If keeping a sentient creature in captivity is bad, then boiling it alive is even more heartless. Wallace now brings the lobster even closer, into our own kitchens, where it meets its demise. He says the lobster “cling[s]” to the pot and “hook[s] its claws over the kettle’s rim,” not unlike “a person trying to keep from going over the edge of the roof” (5). Now, the lobster is not only a sentient, frightened creature; its behavior is almost human. In fact, it “behaves very much as you or I would behave if we were plunged into boiling water” (5). Wallace corners us—via the pronoun “you”—into using our full imaginations and empathy by picturing ourselves in the position of the lobster. Bit by bit, the lobster rises in the hierarchy of human imagination, from insect, to a cannibalistic barbarian, to a delicious meal, to a creature that feels pain, to a frightened animal, to a human, and ultimately—to “you or I.”

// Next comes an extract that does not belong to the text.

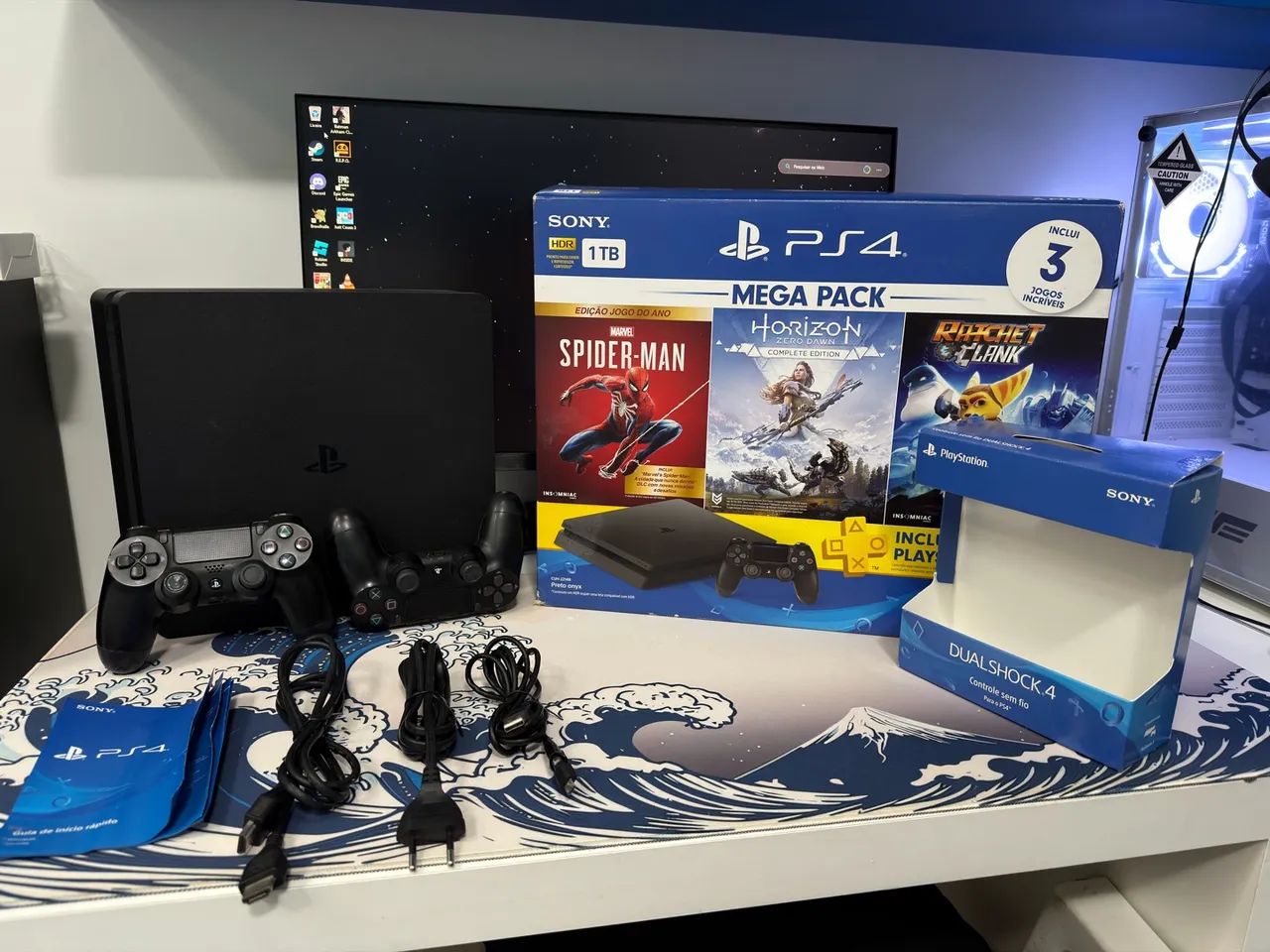 PS4 Slim 1TB - Foto 2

In “Consider the Lobster,” David Foster Wallace takes us on a journey that mirrors his own confusion: a chronicle of the uncomfortable process of confronting his anthropocentricity, which causes him to place his culinary preferences above a lobster’s pain and life. If he had started the essay with a call to sympathize with the lobster, we might have dismissed the message as hippie-ish, overly sentimental, and jarring. Wallace’s shift in tone ensures not only that we are aware of the cruelty of eating lobster, but also that we realize that our callous perspective has paved the way for this cruelty. Having provoked us to rethink our entire attitude towards animals, Wallace can now ask the hard-hitting questions: Is it ethical to eat animals that do not want to be eaten? What does it say about humanity that we make a spectacle out of what is essentially a giant slaughter fest? Is meat consumption justifiable when it is perfectly possible to be a healthy vegetarian? Wallace places his questions expertly in our minds, where they haunt us long after we finish reading the magazine.
Works Cited
Wallace, David Foster. “Consider the Lobster.” Gourmet, Aug. 2004: 1-10. Web. 15 Jan. 2017.